[EXERCISE DATA]

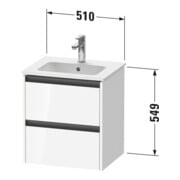 Duravit Waschtischunterschrank Ketho.2 51x42x54,9cm, 2 Schub., wandhängend, Tau matt-3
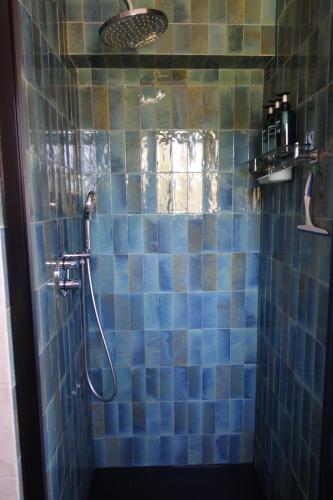 une salle de bain avec douche aux carreaux bleus dans l'établissement Les jardins de Bandol, piscine privée, belle vue mer, à Bandol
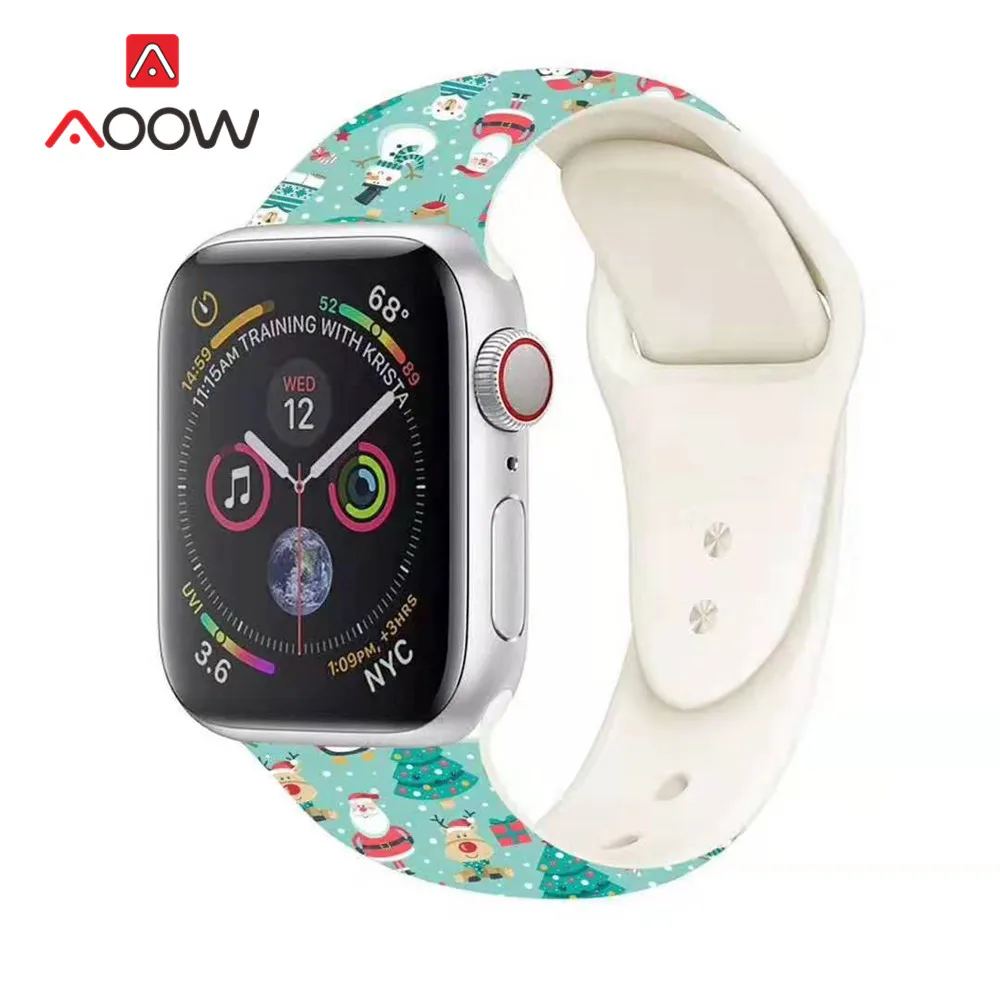Мягкий силиконовый ремешок для часов Apple Watch 4, 5, 38 мм, 42 мм, 40 мм, 44 мм, мультяшный принт, рождественский подарок, браслет для iWatch 123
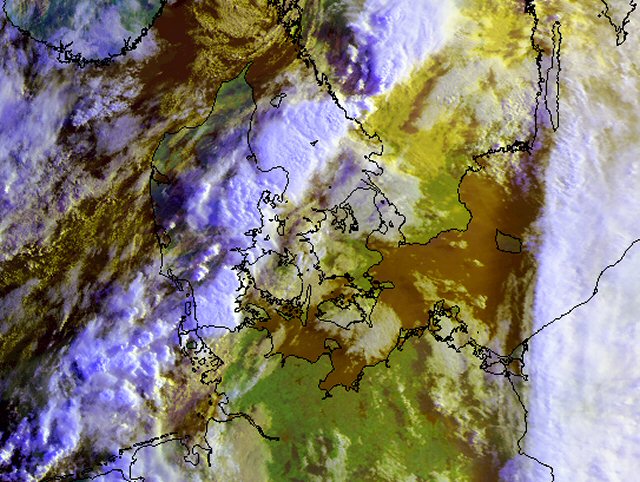 Satellitbillede af koldfront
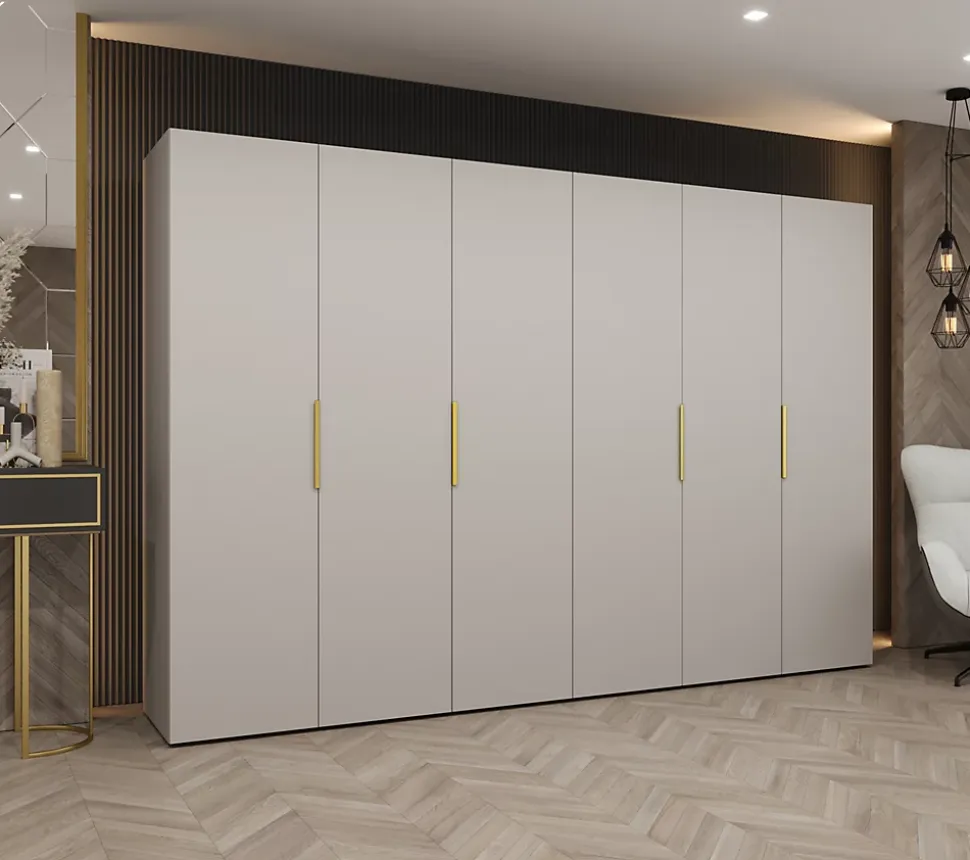 Armoire Marbella 1 a portes battantes H. 202 x L.300 x P. 52, 6 portes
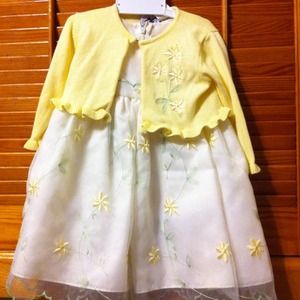 12 months dress with cardigan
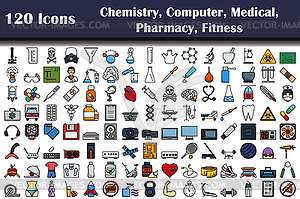 120 Иконок Химии, Компьютера, Медицины, Фармации - векторное изображение клипарта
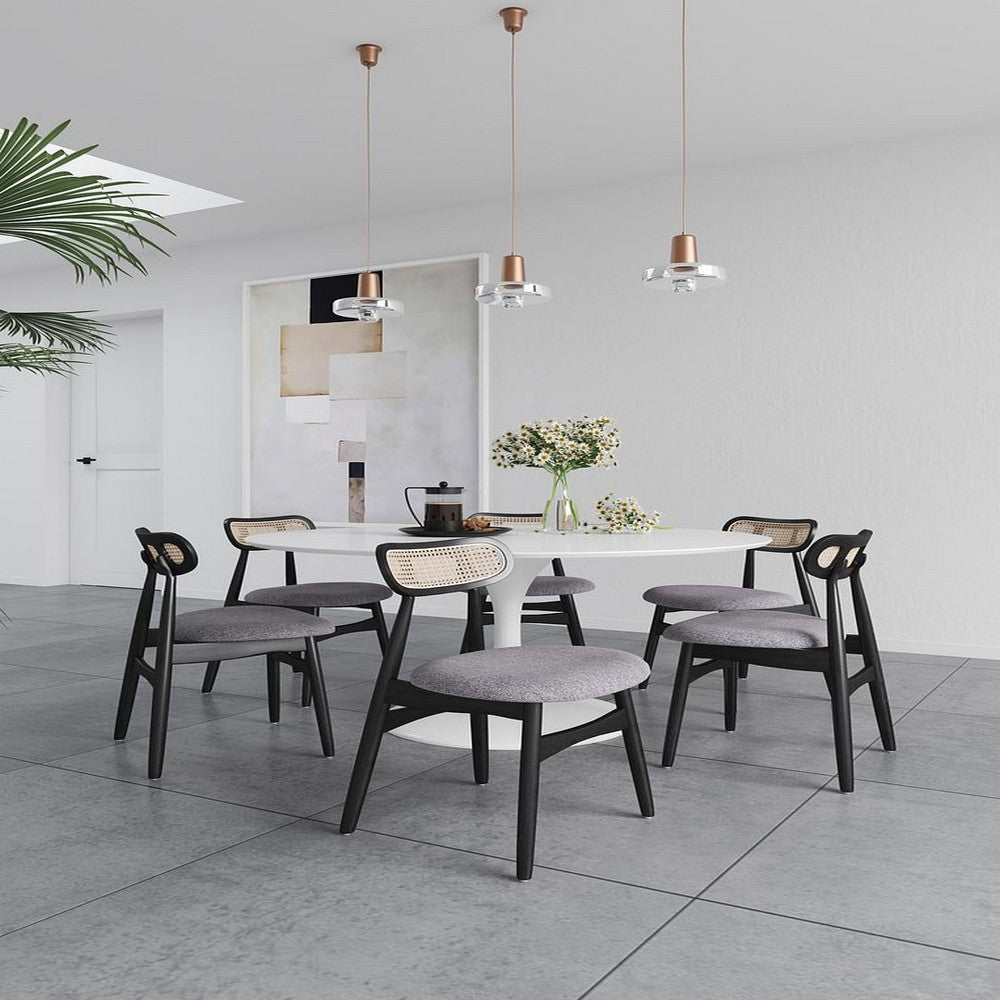 Colbert Dining Chair in Black and Cane with Grey Upholstered Seating - Set of 4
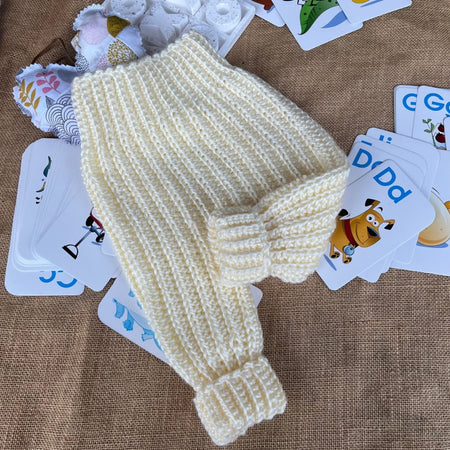 Handmade crochet | baby pants | cream | Flexible fit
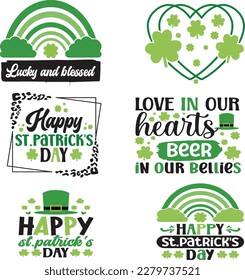 St. Patrick's Day Gruß Vektorgrafik, Lucky Saint Patrick Urlaub Angebote Paket SVG Design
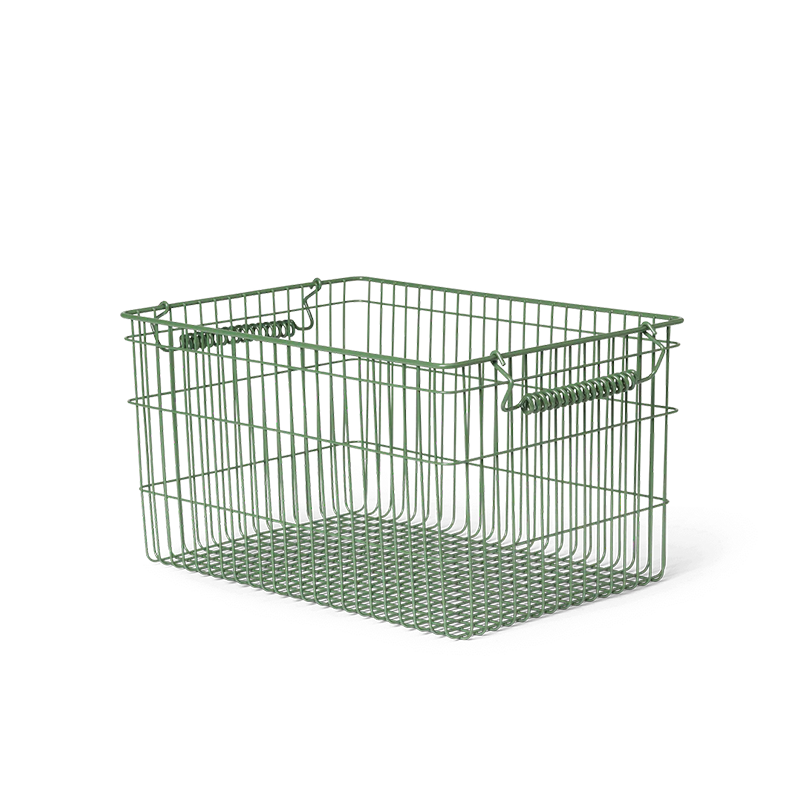 Ferm Living 2er Set Stapelbarer Aufbewahrungskorb &#39;Cala&#39; Verdant Green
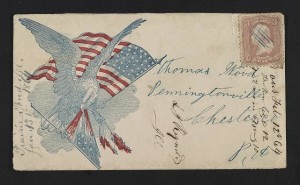 Civil War envelope showing eagle with American flag attacking 7-star Confederate flag (between 1861 and 1864; LOC: LC-DIG-ppmsca-31730)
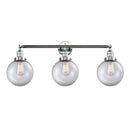 Beacon Bath Vanity Light shown in the Polished Chrome finish with a Clear shade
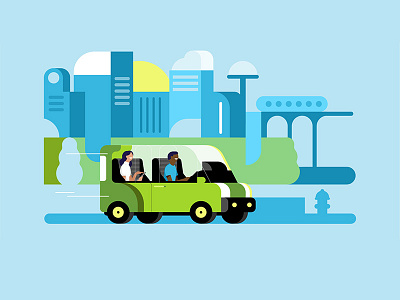Style frame car city driving explainer future google self transport video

[/EXERCISE DATA]

- ASSIGNED TASK
All lines from the start of the entries above through the line containing "Beacon Bath Vanity" are to be given again exactly; the pictures are not.

- WRITTEN SOLUTION
 Duravit Waschtischunterschrank Ketho.2 51x42x54,9cm, 2 Schub., wandhängend, Tau matt-3
 une salle de bain avec douche aux carreaux bleus dans l'établissement Les jardins de Bandol, piscine privée, belle vue mer, à Bandol
Мягкий силиконовый ремешок для часов Apple Watch 4, 5, 38 мм, 42 мм, 40 мм, 44 мм, мультяшный принт, рождественский подарок, браслет для iWatch 123
 Satellitbillede af koldfront
 Armoire Marbella 1 a portes battantes H. 202 x L.300 x P. 52, 6 portes
 12 months dress with cardigan
 120 Иконок Химии, Компьютера, Медицины, Фармации - векторное изображение клипарта
 Colbert Dining Chair in Black and Cane with Grey Upholstered Seating - Set of 4
 Handmade crochet | baby pants | cream | Flexible fit
 St. Patrick's Day Gruß Vektorgrafik, Lucky Saint Patrick Urlaub Angebote Paket SVG Design
 Ferm Living 2er Set Stapelbarer Aufbewahrungskorb &#39;Cala&#39; Verdant Green
 Civil War envelope showing eagle with American flag attacking 7-star Confederate flag (between 1861 and 1864; LOC: LC-DIG-ppmsca-31730)
 Beacon Bath Vanity Light shown in the Polished Chrome finish with a Clear shade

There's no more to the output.